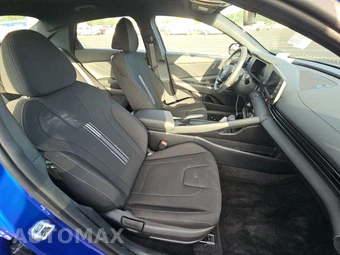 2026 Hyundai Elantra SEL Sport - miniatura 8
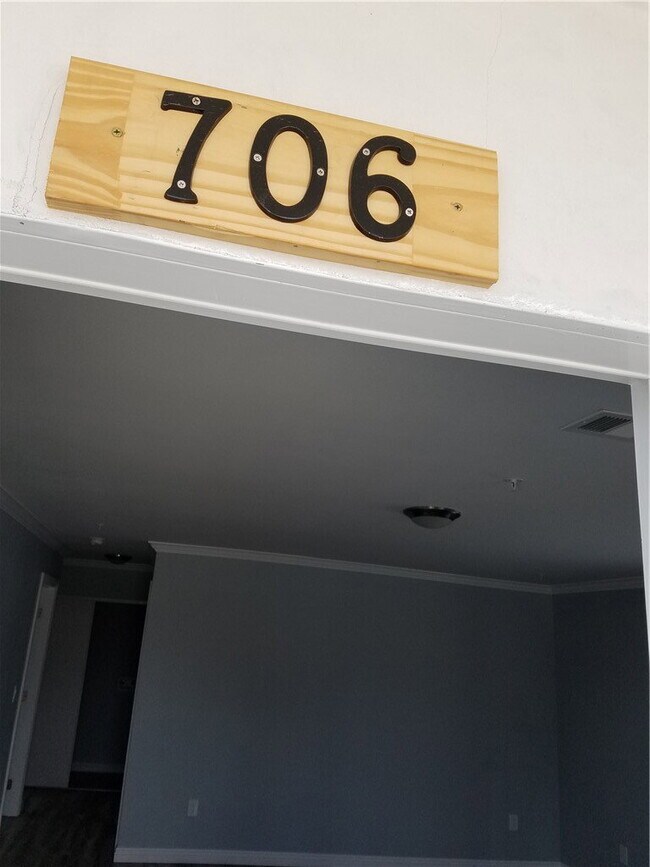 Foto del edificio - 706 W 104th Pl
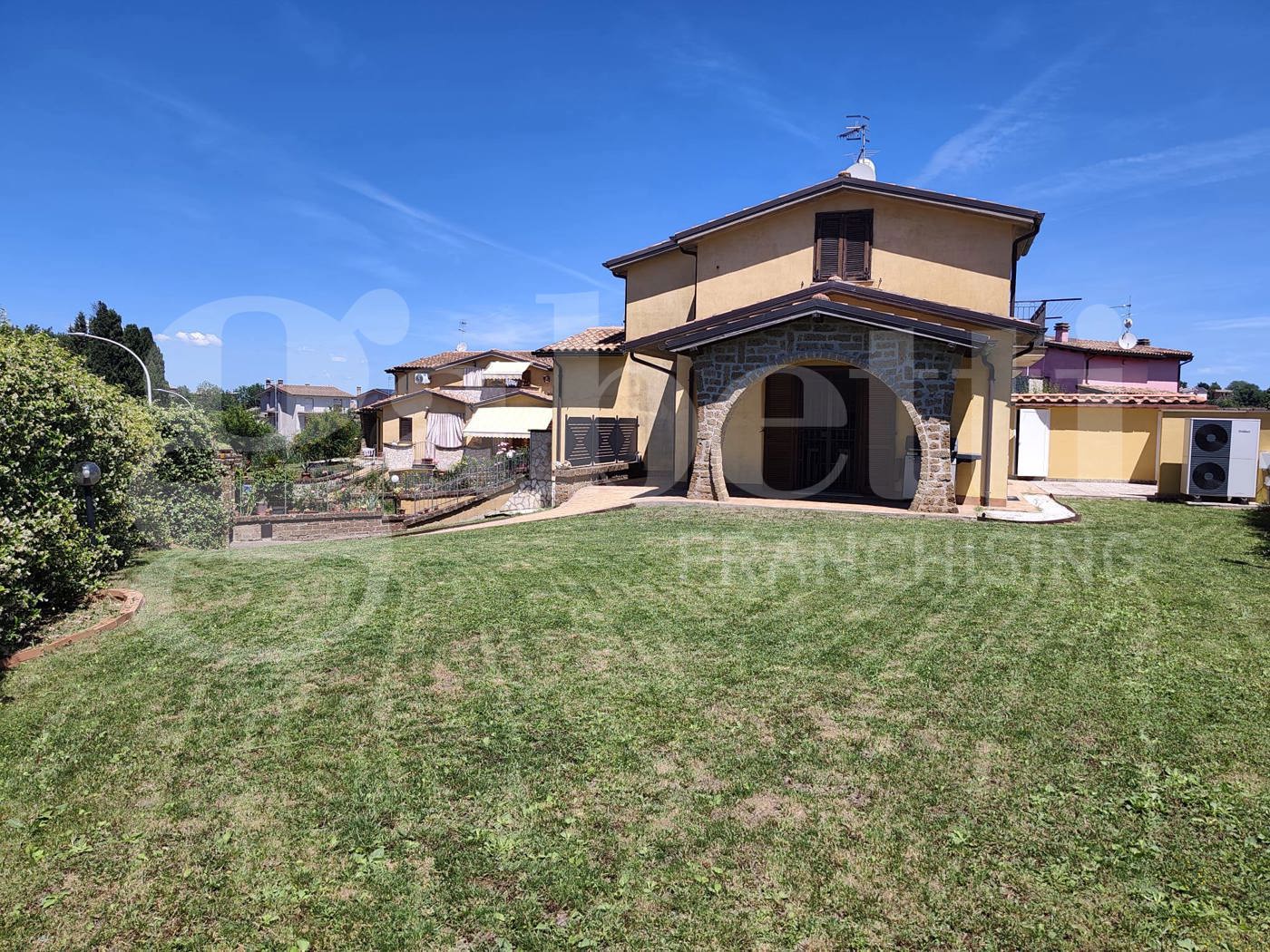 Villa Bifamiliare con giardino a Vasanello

--

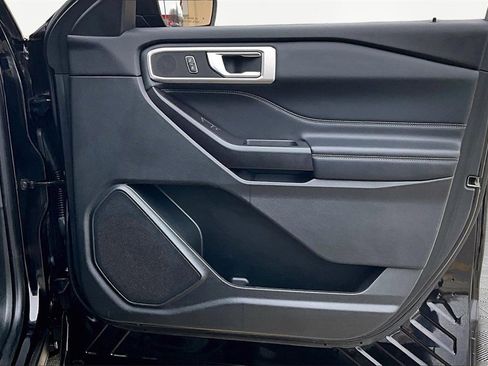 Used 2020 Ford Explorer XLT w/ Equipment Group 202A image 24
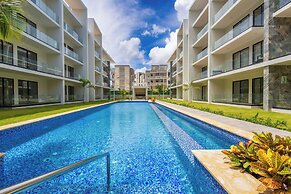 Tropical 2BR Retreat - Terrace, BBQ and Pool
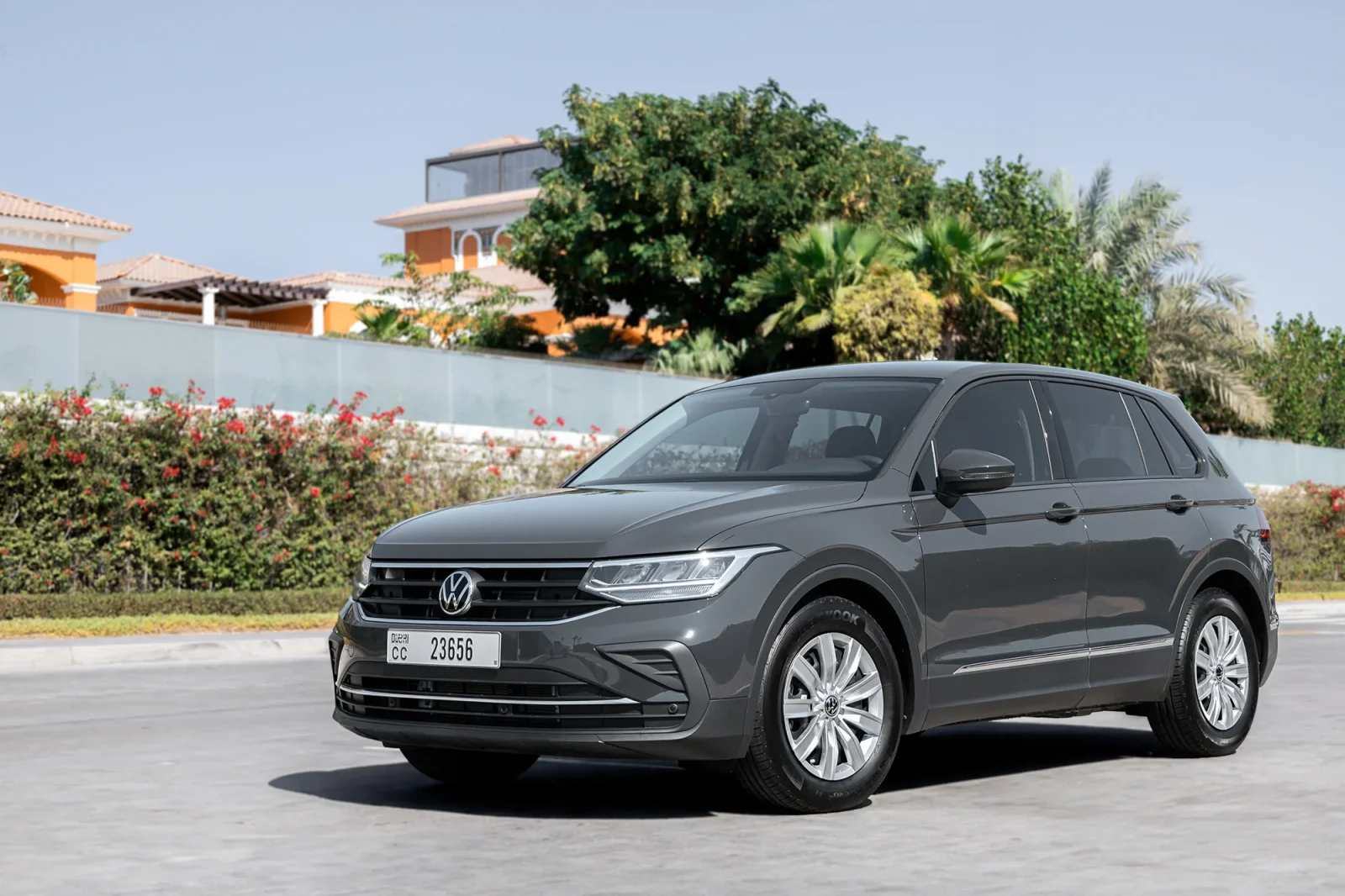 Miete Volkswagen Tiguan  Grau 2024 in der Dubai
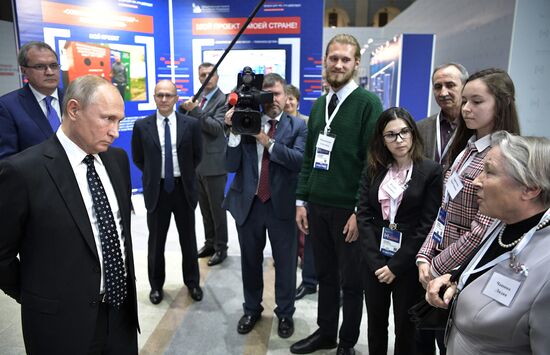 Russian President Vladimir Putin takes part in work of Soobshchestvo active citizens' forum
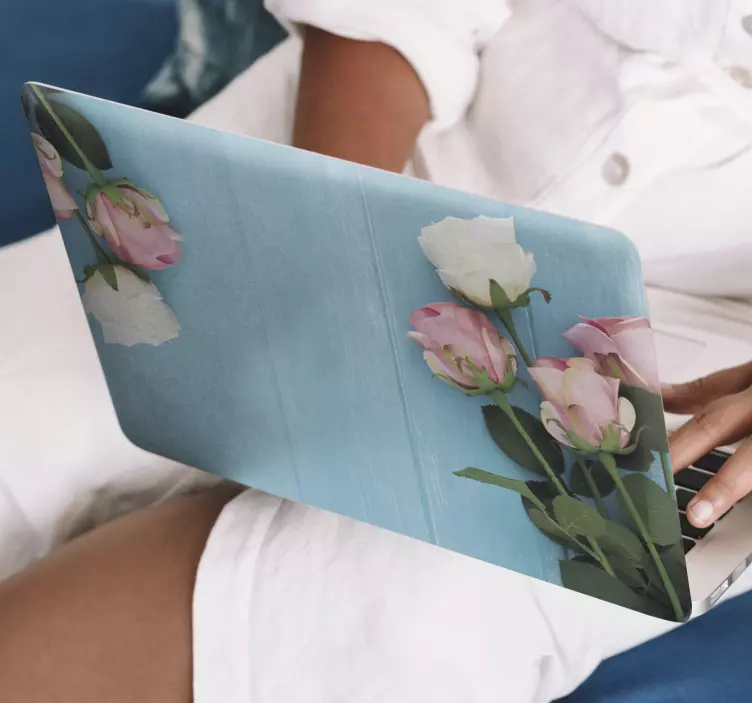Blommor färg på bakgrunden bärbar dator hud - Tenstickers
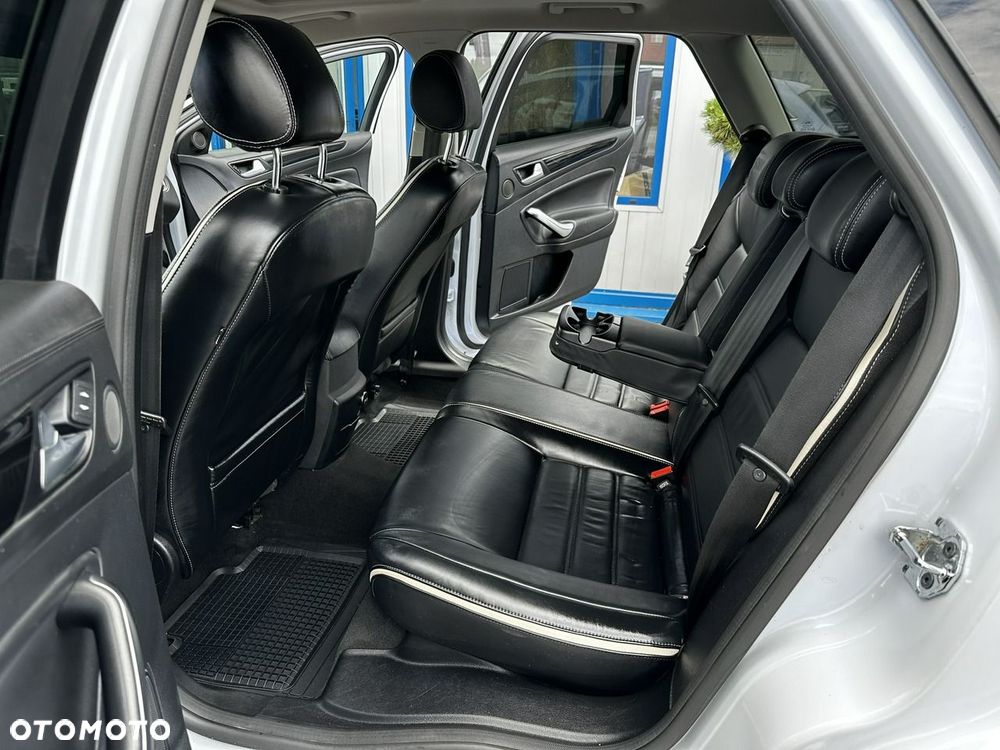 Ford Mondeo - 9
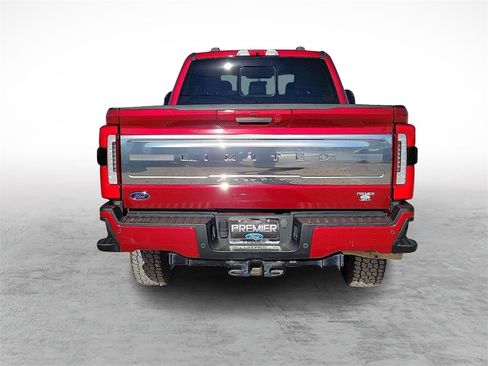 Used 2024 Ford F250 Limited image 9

---

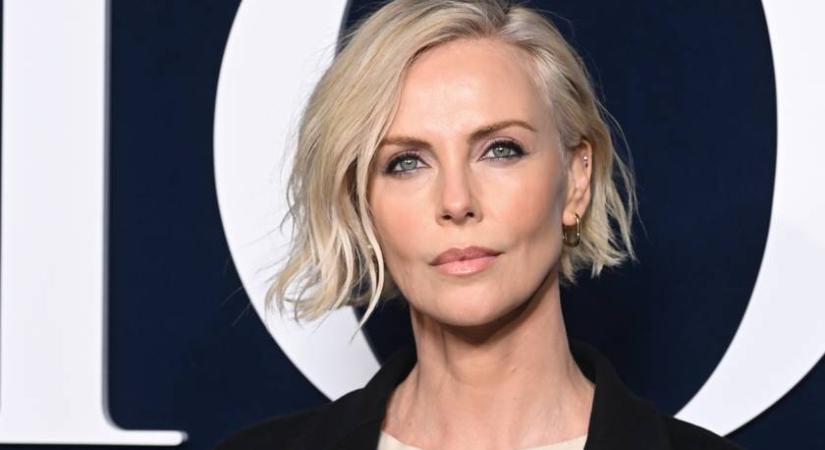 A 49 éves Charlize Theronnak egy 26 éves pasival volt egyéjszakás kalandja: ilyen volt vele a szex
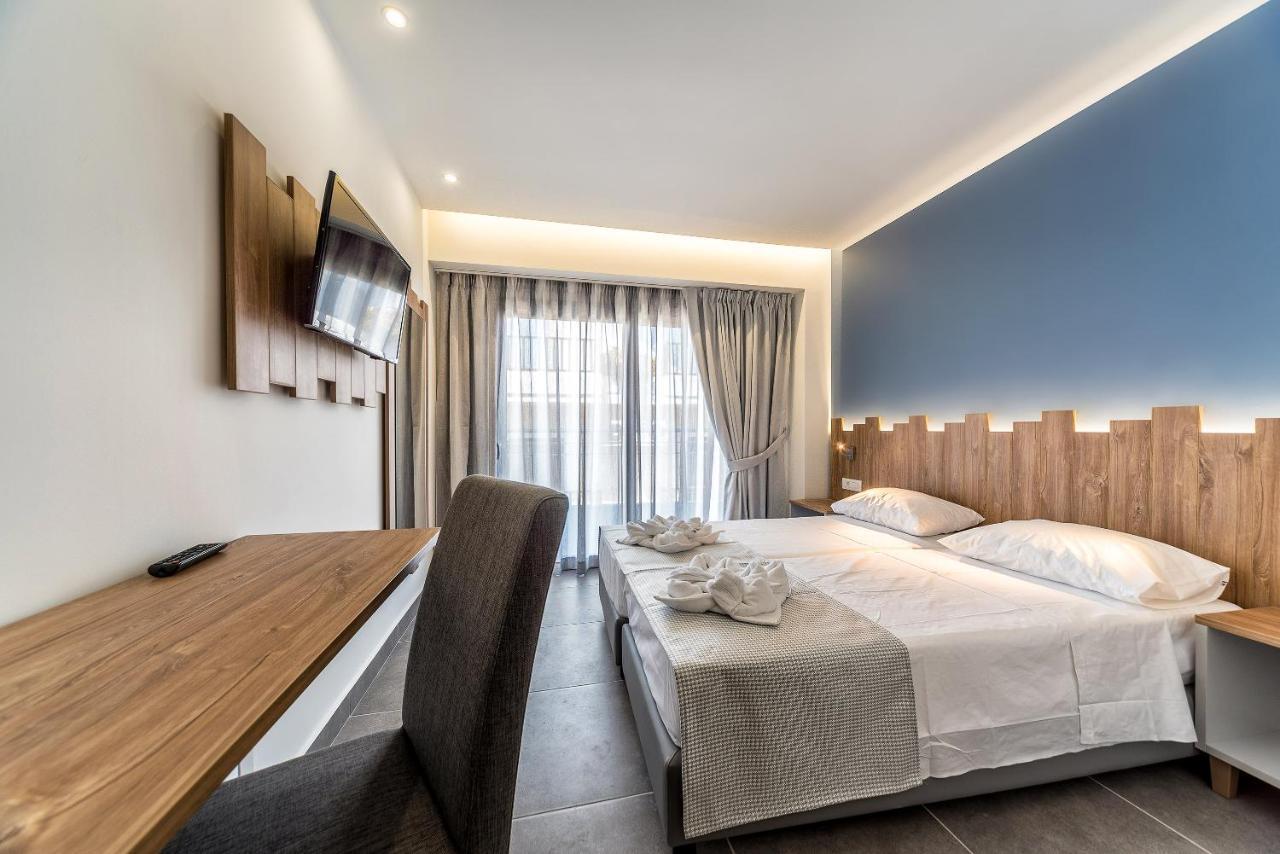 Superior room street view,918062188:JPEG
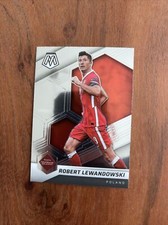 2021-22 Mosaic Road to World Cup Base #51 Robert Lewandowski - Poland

#### Assignment:
Take the material above from the line bearing "2026 Hyundai Elantra SEL Sport - miniatura 8" through the line bearing "Villa Bifamiliare con giardino a Vasanello" and write it out exactly, both end lines included. Pictures stay out.

#### Task result:
 2026 Hyundai Elantra SEL Sport - miniatura 8
 Foto del edificio - 706 W 104th Pl
 Villa Bifamiliare con giardino a Vasanello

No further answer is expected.